Dans un tweet, la MANUL a exprimé son « horreur » à propos des « informations faisant état de la découverte d’au moins huit charniers ces derniers jours, la plupart à Tarhuna ».

La semaine dernière, le gouvernement libyen d’accord national (GNA) reconnu par l’ONU en Libye a annoncé le contrôle de Tarhuna, une ville clé au sud-est de la capitale Tripoli, après avoir repoussé les forces orientales dirigées par le général renégat Khalifa Haftar. La ville était auparavant occupée par les soi-disant forces de l’Armée nationale libyenne (LNA) fidèles à Haftar.

On ne sait pas à ce stade qui était responsable des charniers.

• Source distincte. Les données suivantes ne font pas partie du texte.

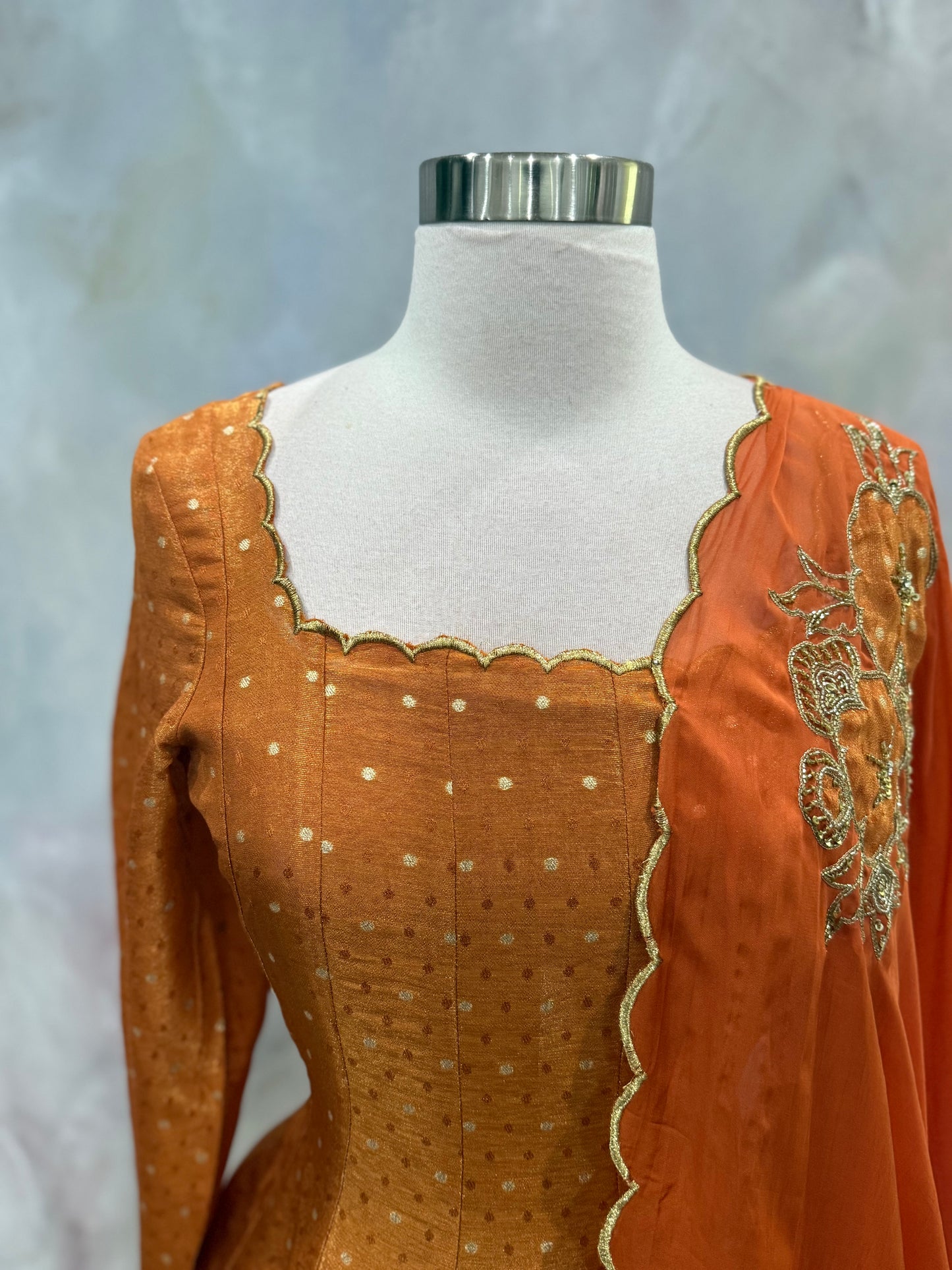 Beautiful Teens party wear Anarkali Tissue long gown available in size 34/36. Perfect for wedding/ sangeeth/ birthday , length 50 in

Tarhuna avait été critique pour les forces de Haftar en tant que voie d’approvisionnement et base stratégique pour leurs assauts sur Tripoli. La ville est le dernier bastion majeur des forces de Haftar dans l’ouest de la Libye.

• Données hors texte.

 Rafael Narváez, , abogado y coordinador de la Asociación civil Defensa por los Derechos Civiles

L’UNSMIL a déclaré que le ministre libyen de la Justice mettra en place un comité pour examiner les tombes. « Nous appelons ses membres à entreprendre rapidement les travaux visant à sécuriser les charniers, à identifier les victimes, à établir les causes de décès et à restituer les corps à leurs proches », ajoute le communiqué.

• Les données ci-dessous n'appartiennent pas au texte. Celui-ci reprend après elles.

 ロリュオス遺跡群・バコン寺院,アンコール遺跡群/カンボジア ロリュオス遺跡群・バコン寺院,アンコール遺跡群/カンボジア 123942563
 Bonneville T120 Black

En réponse, l’ambassade américaine en Libye tweeté« Les États-Unis partagent l’horreur de la MANUL et soutiennent les efforts immédiats des autorités libyennes et des organismes internationaux pour enquêter sur ces abus intolérables et traduire les coupables en justice. »

Le secrétaire d’État adjoint aux Affaires du Proche-Orient, David Schenker, a également répondu, décrivant les informations sur les charniers en Libye « vraiment troublantes ».

L’année dernière, le conflit libyen est devenu une guerre par procuration entre des puissances étrangères et des combattants. Alors que le GNA reconnu par l’ONU est soutenu par la Turquie, le gouvernement oriental basé à Benghazi est soutenu par les Émirats arabes unis, l’Égypte et la Russie.